# Cosinus distance or Euclidian distance ?

Both cosine distance and Euclidean distance are commonly used in NLP to measure the similarity or distance between word vectors. Cosine distance is often preferred over Euclidean distance in NLP because it is more effective in capturing semantic similarity. It measures the cosine of the angle between two vectors, which essentially measures the similarity of their direction, regardless of their magnitude. This makes it more robust to differences in word frequency and length.

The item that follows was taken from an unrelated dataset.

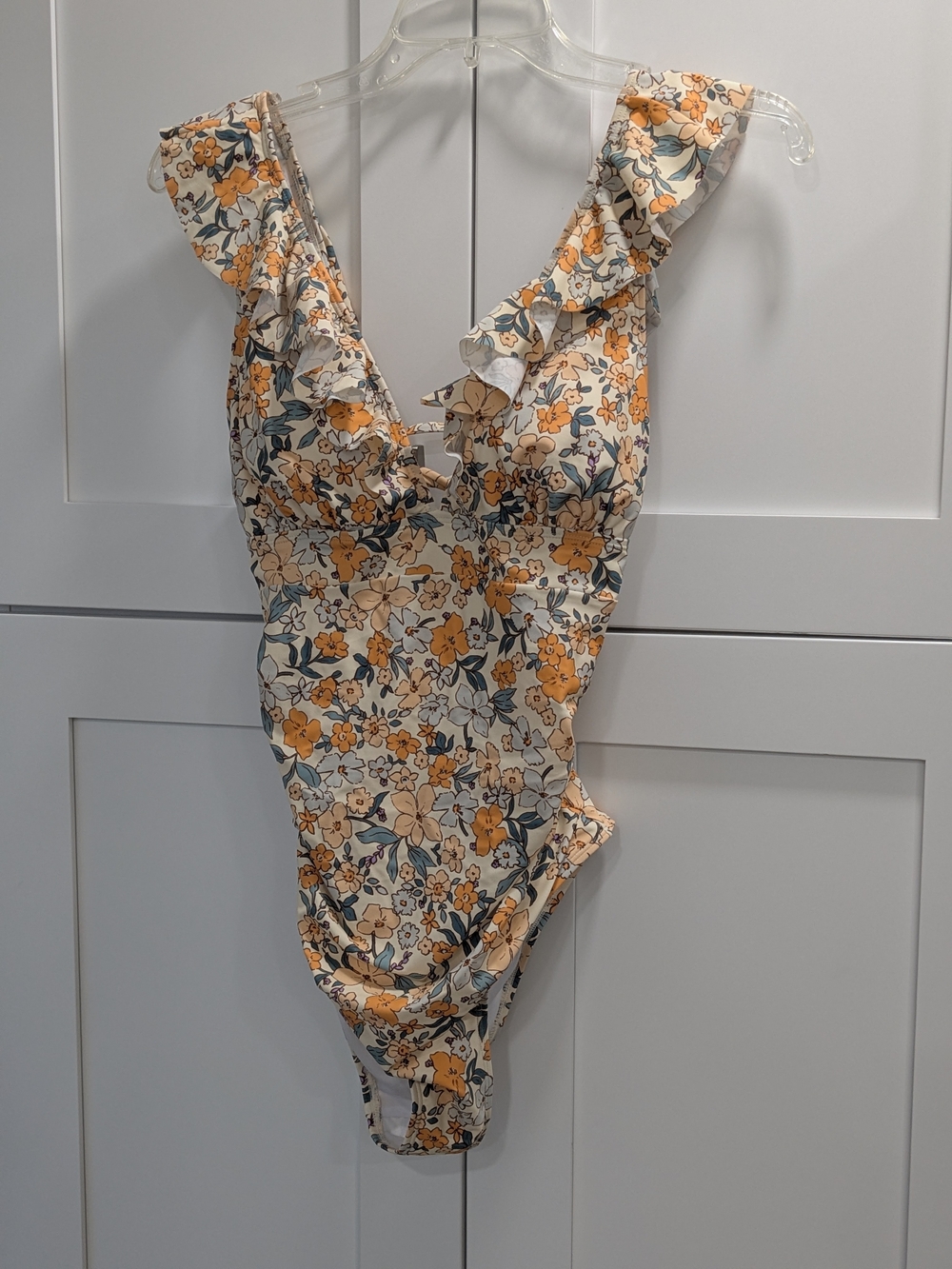 Floral Ruffle One-Piece Swimsuit - Yellow Floral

Moreover, there is also a difference between them in term of getting the nearest neighbour. On the one hand, the cosinus similiraty should be maximized and on the other hand the euclidian distance should be minimized

In [1]:
!pip install gensim



Word2Vec Pre-trained vectors trained on a part of the Google News dataset (about 100 billion words).

In [6]:
import gensim.downloader as api
path = api.load("word2vec-google-news-300", return_path=True)
print(path)

C:\Users\33629/gensim-data\word2vec-google-news-300\word2vec-google-news-300.gz


In [7]:
model = gensim.models.KeyedVectors.load_word2vec_format(path, binary=True)

In [9]:
from scipy.spatial.distance import cosine, euclidean

In [12]:
# Get the word vector for "left"
left_vec = model.get_vector("left")

# Compute the cosine similarities and Euclidean distances between "left" and all other words in the vocabulary
cosine_sims = [1 - cosine(left_vec, model.get_vector(word)) for word in model.index_to_key]
euclidean_dists = [euclidean(left_vec, model.get_vector(word)) for word in model.index_to_key]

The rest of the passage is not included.